- [Task objective]
Retype only what runs from the line with "New Era Texas" through the end of the entries, exactly and in full, but omit any picture you find.

- [Data to process]
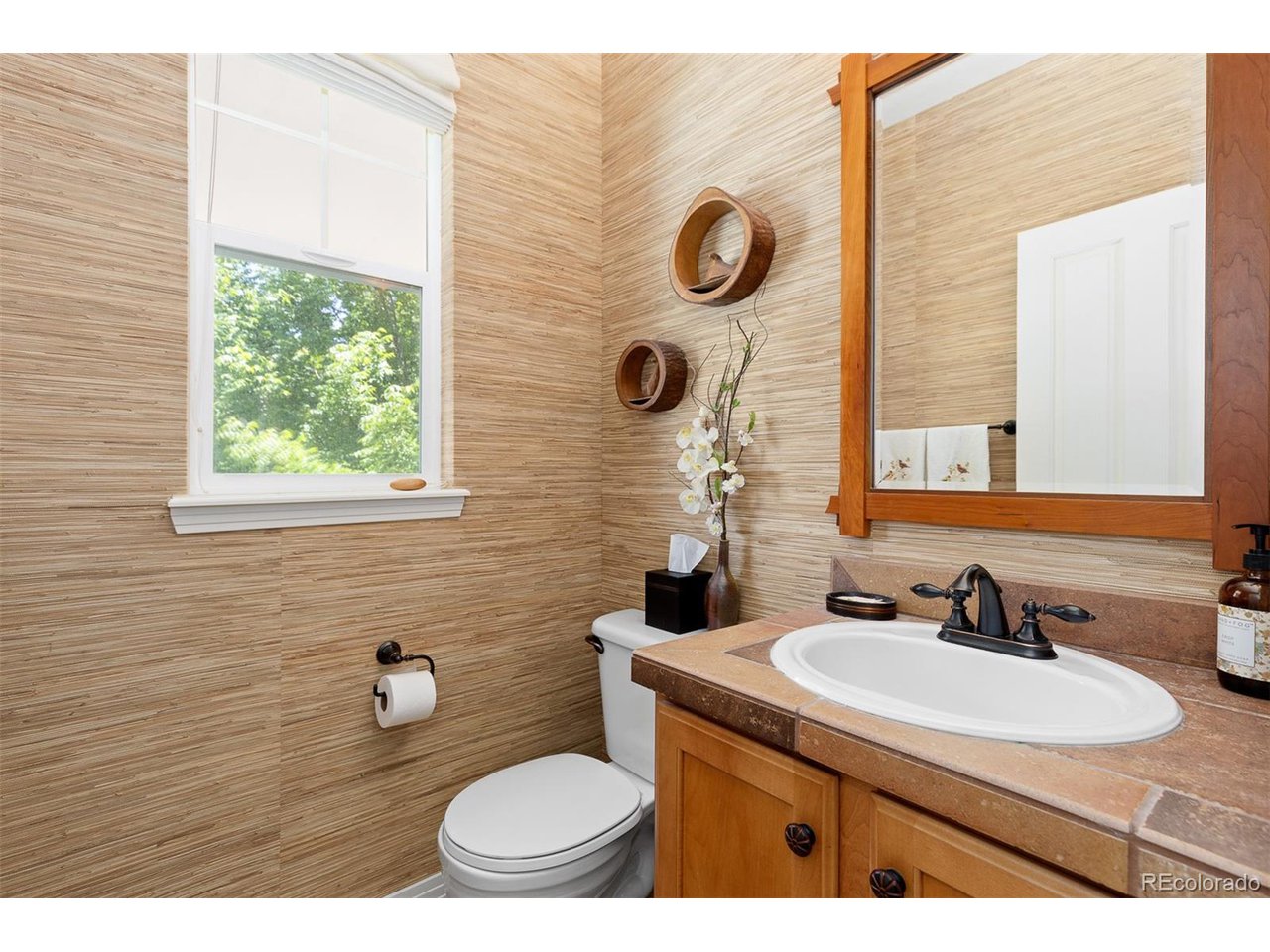 2488 Lake Vista Dr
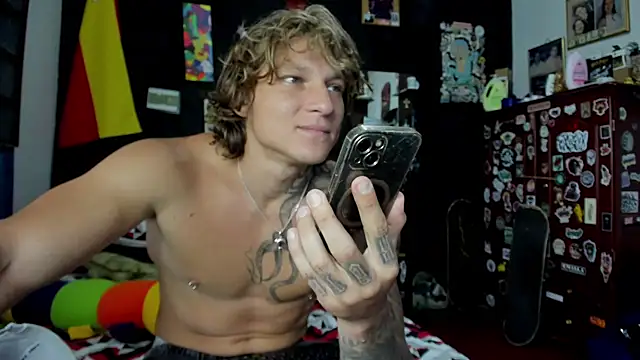 Tom Krakow online show from October 8, 2025, 5:46 pm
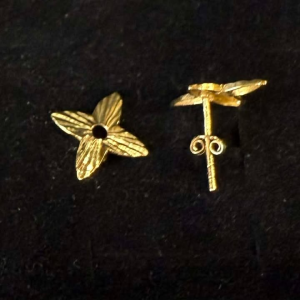 18K Yellow Gold Stud Earrings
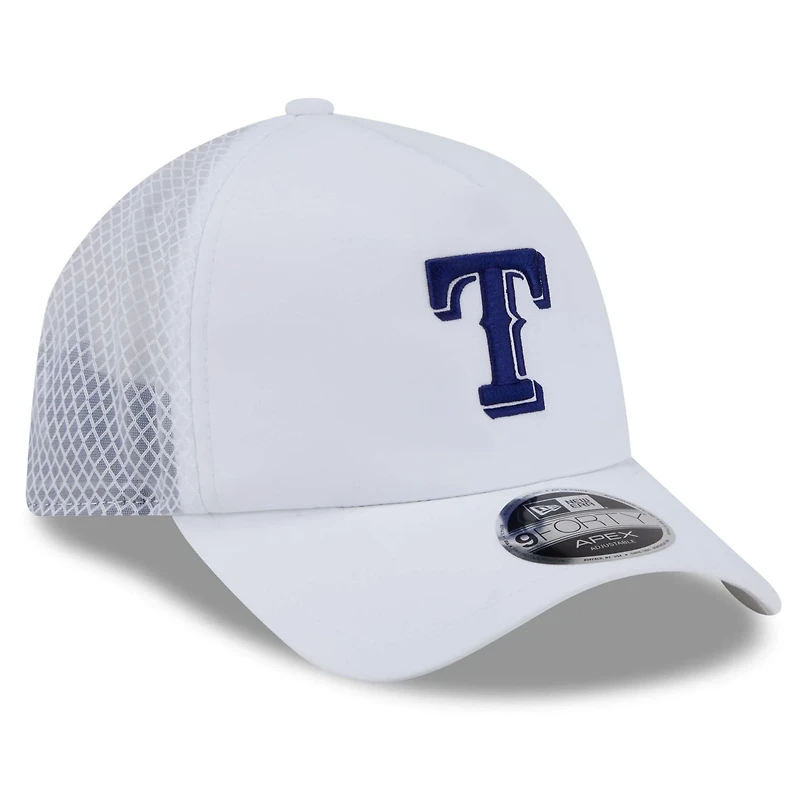 New Era Texas Rangers 2026 Batting Practice Apex 9FORTY Adjustable Trucker Hat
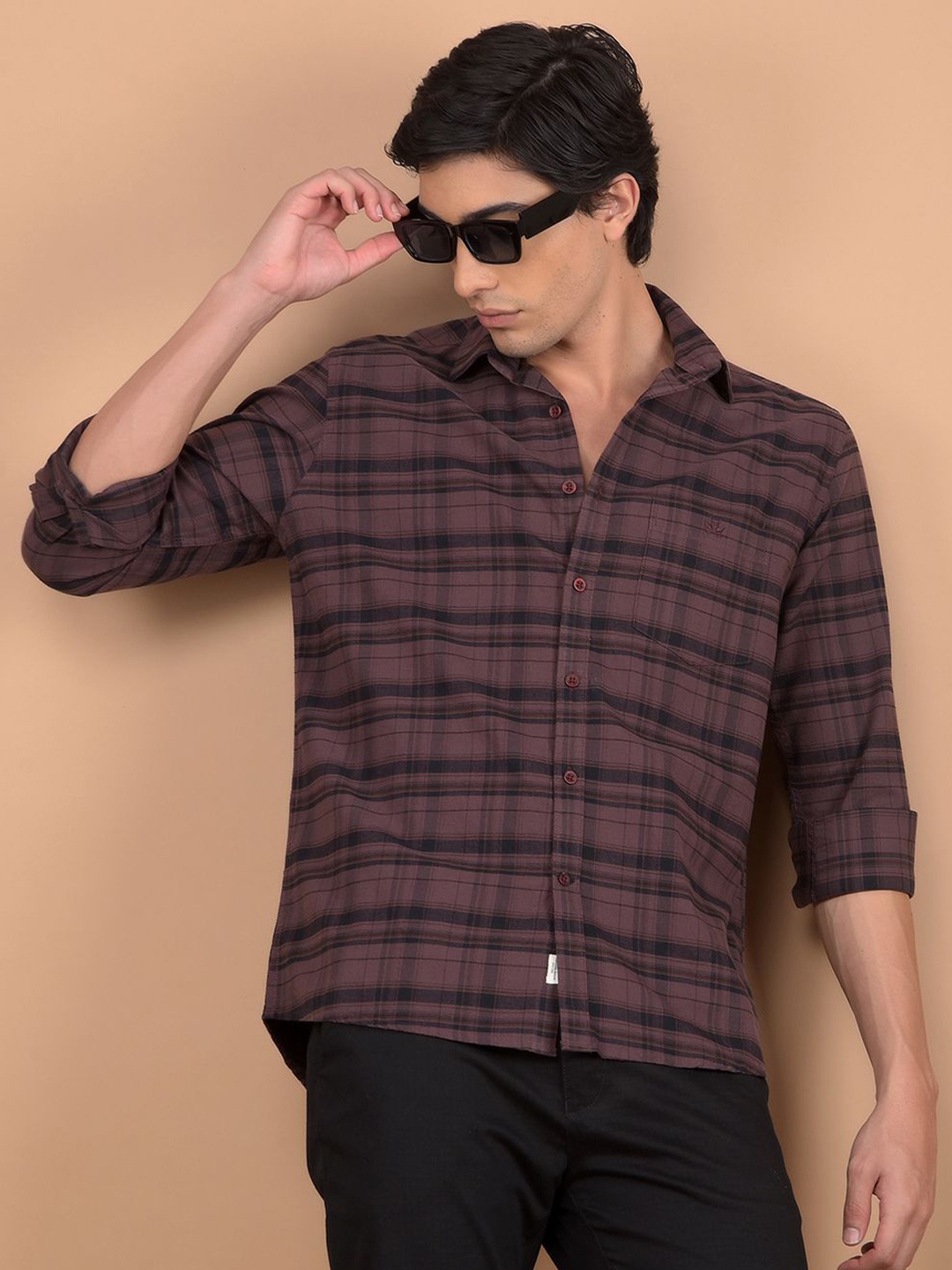 

Crimsoune Club Men Spread Collar Checked Cotton Slim Fit Casual Shirt, Brown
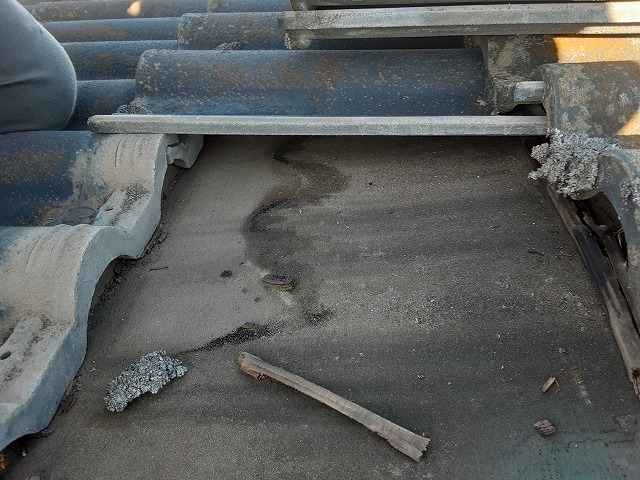 ルーフィングの亀裂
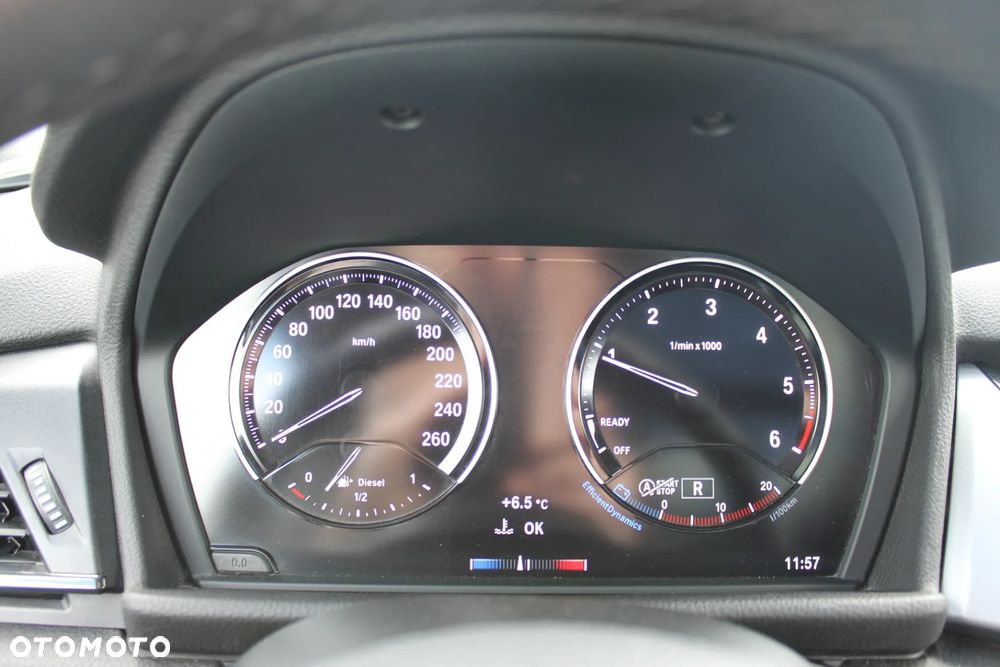 BMW Seria 2 216d - 28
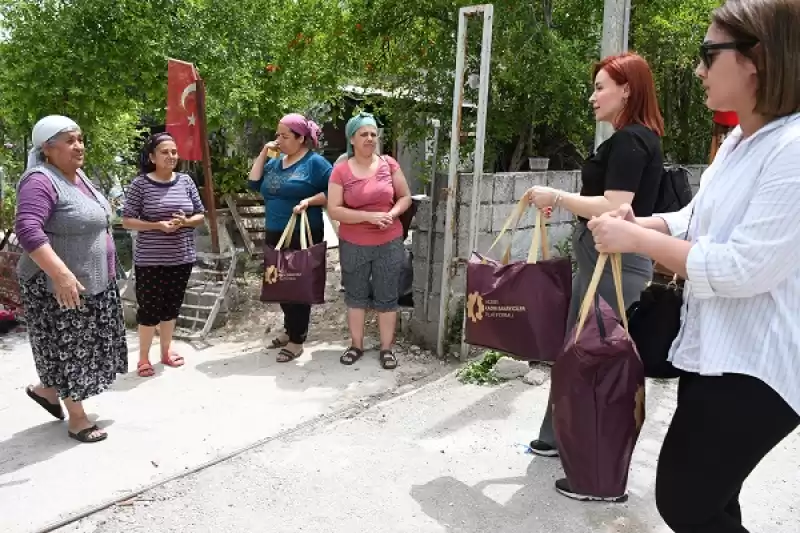 Adanalı Kadın Sanayiciler Hatay'da Depremzedelere Yardım çantası Dağıttı 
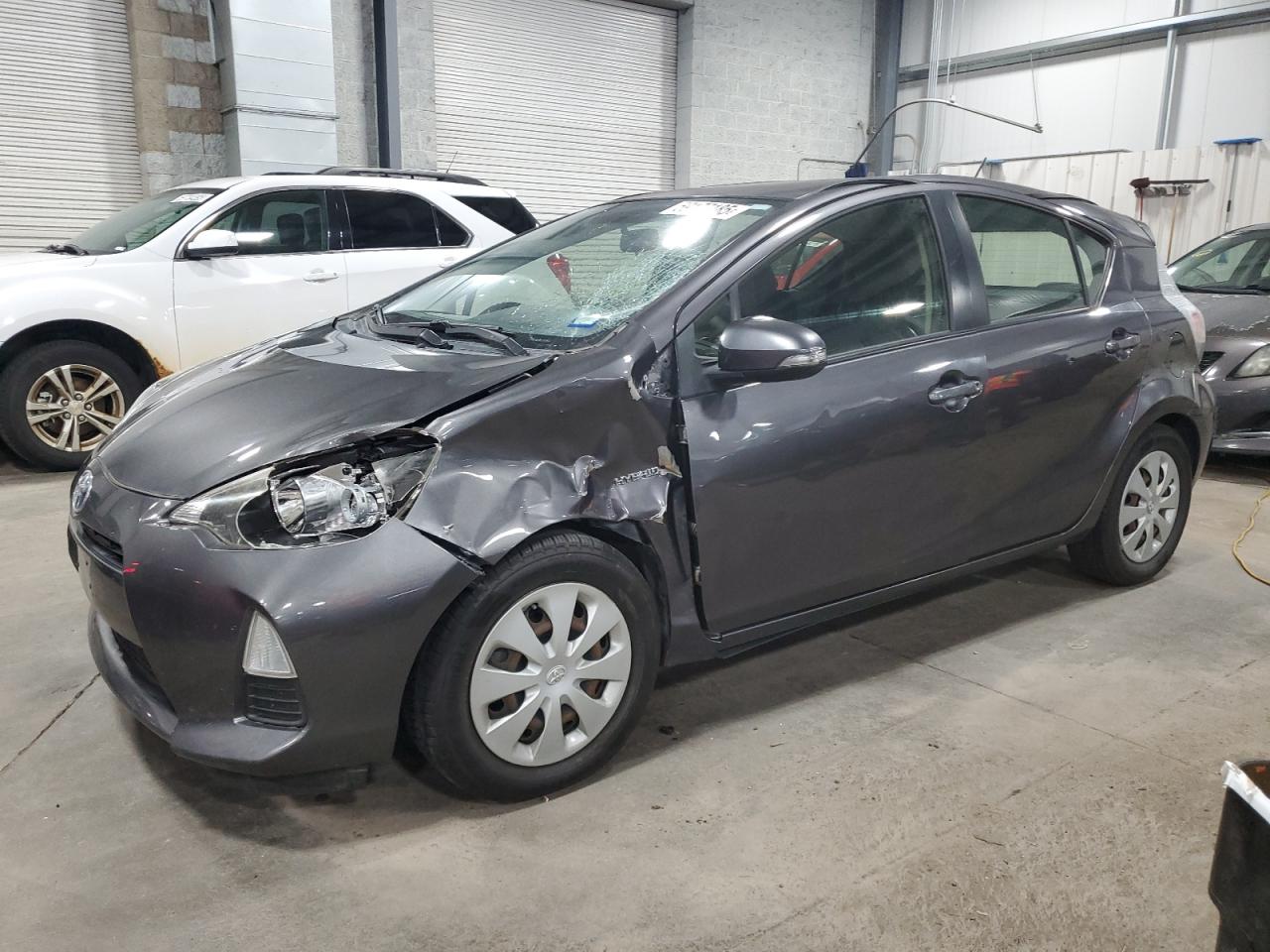 TOYOTA PRIUS C 2013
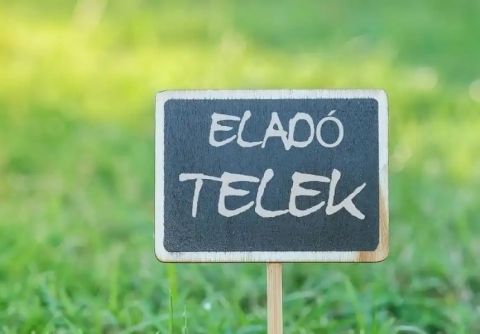 Eladó Ház 4220 Hajdúböszörmény , Bodaszóló zártkerti telek kis házzal, sok lehetőséggel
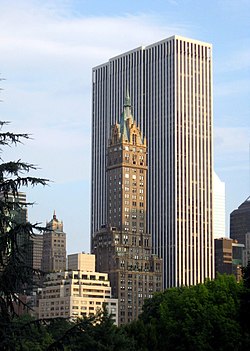 The Sherry-Netherland i förgrunden och General Motors Building i bakgrunden.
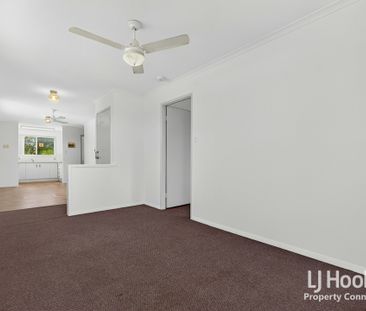 Modern Comfort and Convenience in Downtown Kallangur - Photo 2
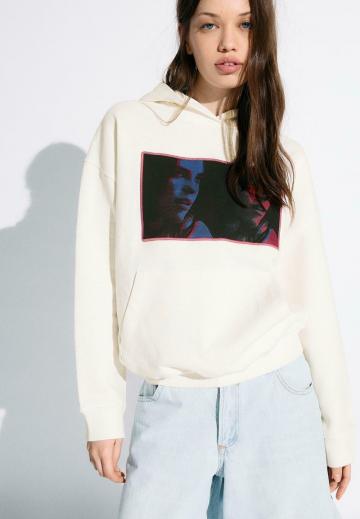 Пуловер с капюшоном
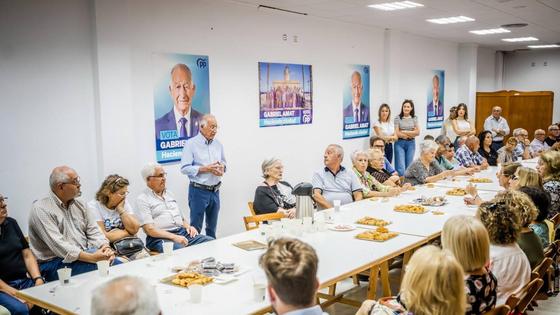 Amat pide una mayoría absoluta «para no depender de nadie»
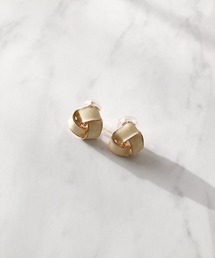 ノットフォルムトライアングルイヤリング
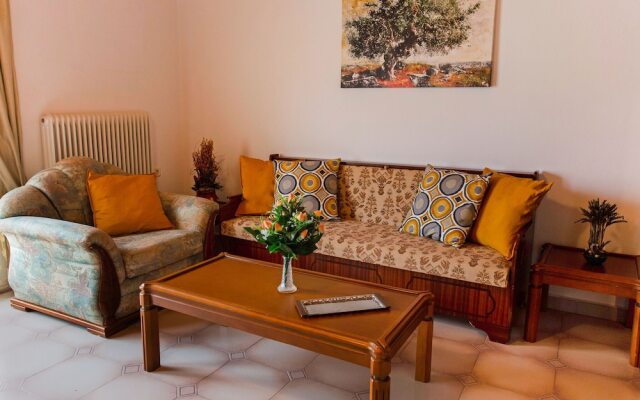 Gorgeous Holiday Home in Arhanes with Balcony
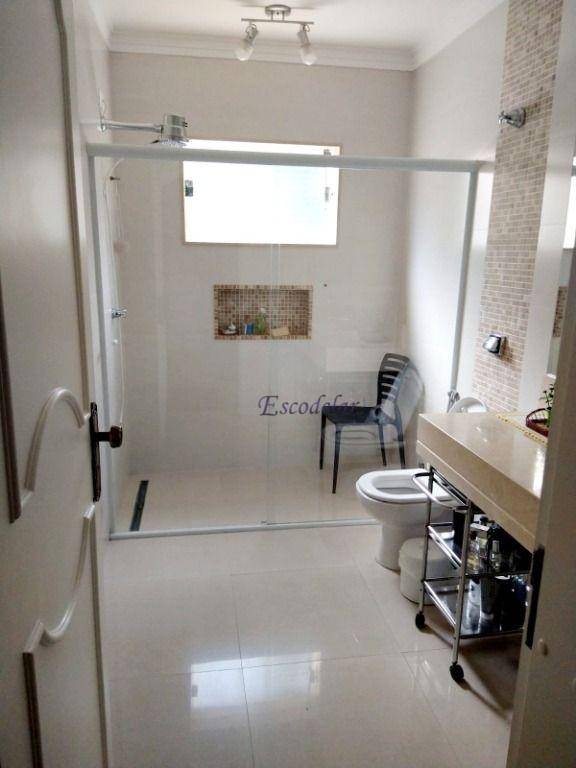 Sobrado à venda com 3 quartos, 384m² - Foto 17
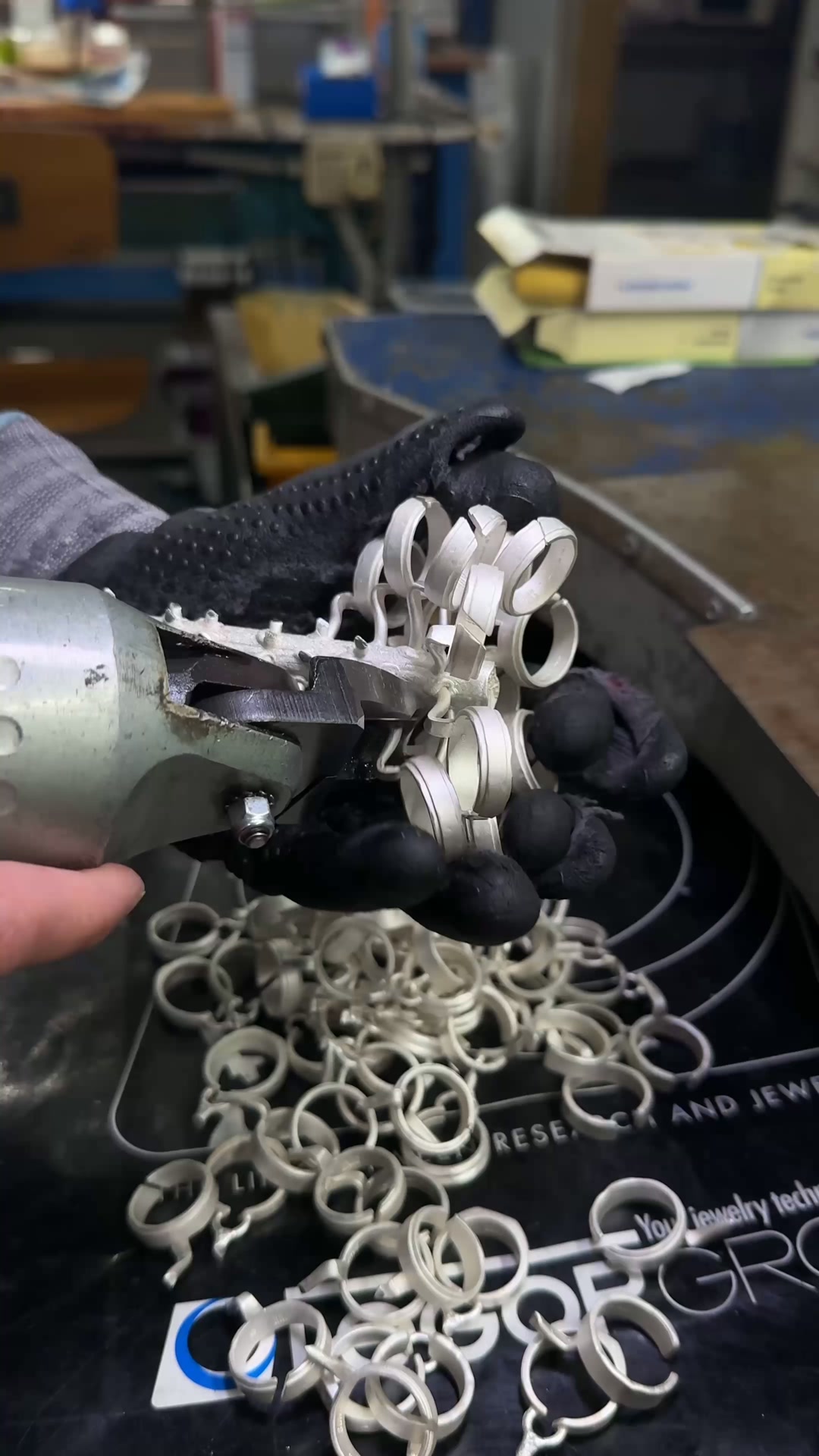 Gratis Armband sichern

- [Output for this task]
 New Era Texas Rangers 2026 Batting Practice Apex 9FORTY Adjustable Trucker Hat

Crimsoune Club Men Spread Collar Checked Cotton Slim Fit Casual Shirt, Brown
 ルーフィングの亀裂
 BMW Seria 2 216d - 28
 Adanalı Kadın Sanayiciler Hatay'da Depremzedelere Yardım çantası Dağıttı 
 TOYOTA PRIUS C 2013
 Eladó Ház 4220 Hajdúböszörmény , Bodaszóló zártkerti telek kis házzal, sok lehetőséggel
 The Sherry-Netherland i förgrunden och General Motors Building i bakgrunden.
 Modern Comfort and Convenience in Downtown Kallangur - Photo 2
 Пуловер с капюшоном
 Amat pide una mayoría absoluta «para no depender de nadie»
 ノットフォルムトライアングルイヤリング
 Gorgeous Holiday Home in Arhanes with Balcony
 Sobrado à venda com 3 quartos, 384m² - Foto 17
 Gratis Armband sichern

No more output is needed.